# Problem
Copy nothing before the line that contains "Lê Trang Anh-lny"; from there, transcribe each line exactly through the end of the material, omitting pictures.

***** Provided entries *****

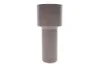 <strong>Ремкомплект КПП (підшипники, ущільнювачі) LuK 462 0400 10 (фото 8)</strong>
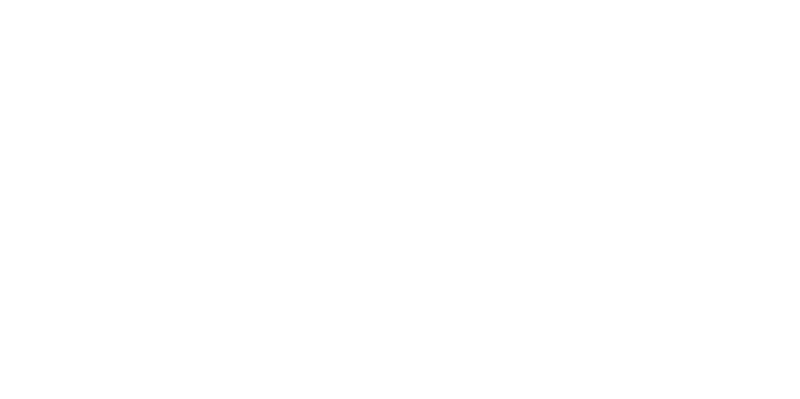Site-Development-Logo-Refresh_W_11.01.18-2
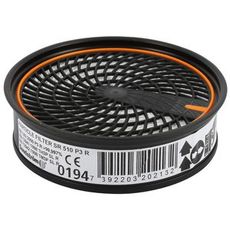 Filter Sr510 P3 For Sr100/200/500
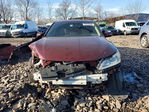 Honda Accord 2016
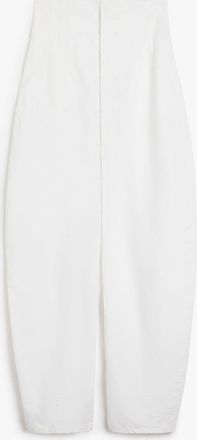 Sportmax UMANO
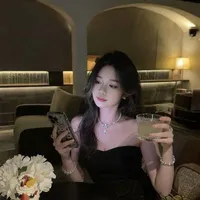 Lê Trang Anh-lny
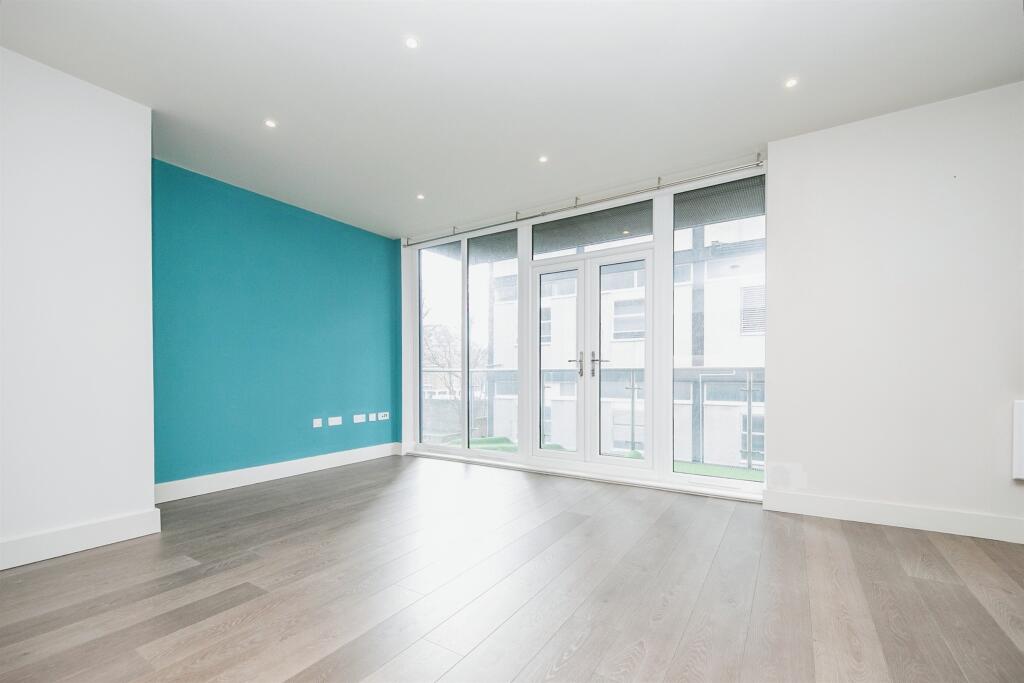 Additional image 5 of West Stockwell Street, Colchester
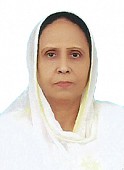 Rabia_Khatoon.jpg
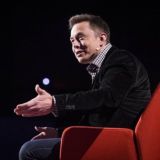 Motivator | Бизнес, мотивация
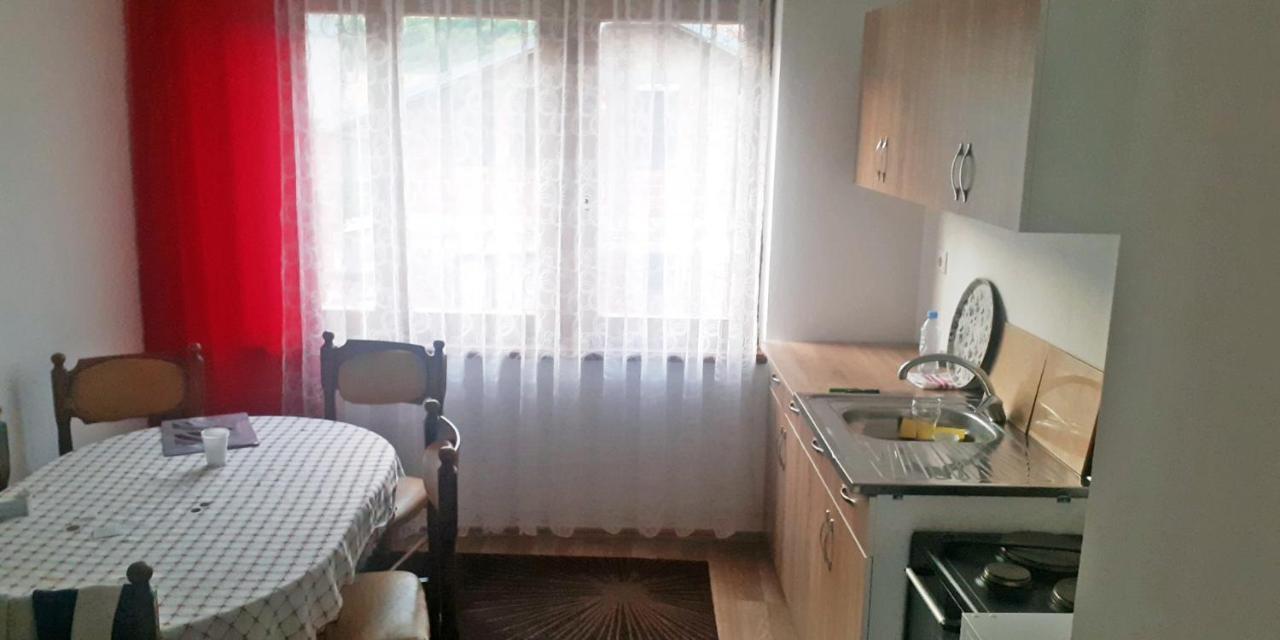 Lovely 1 Bedroom Within Walking Distance, Views เปเย ภายนอก รูปภาพ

*****

# Response box
 Lê Trang Anh-lny
 Additional image 5 of West Stockwell Street, Colchester
 Rabia_Khatoon.jpg
 Motivator | Бизнес, мотивация
 Lovely 1 Bedroom Within Walking Distance, Views เปเย ภายนอก รูปภาพ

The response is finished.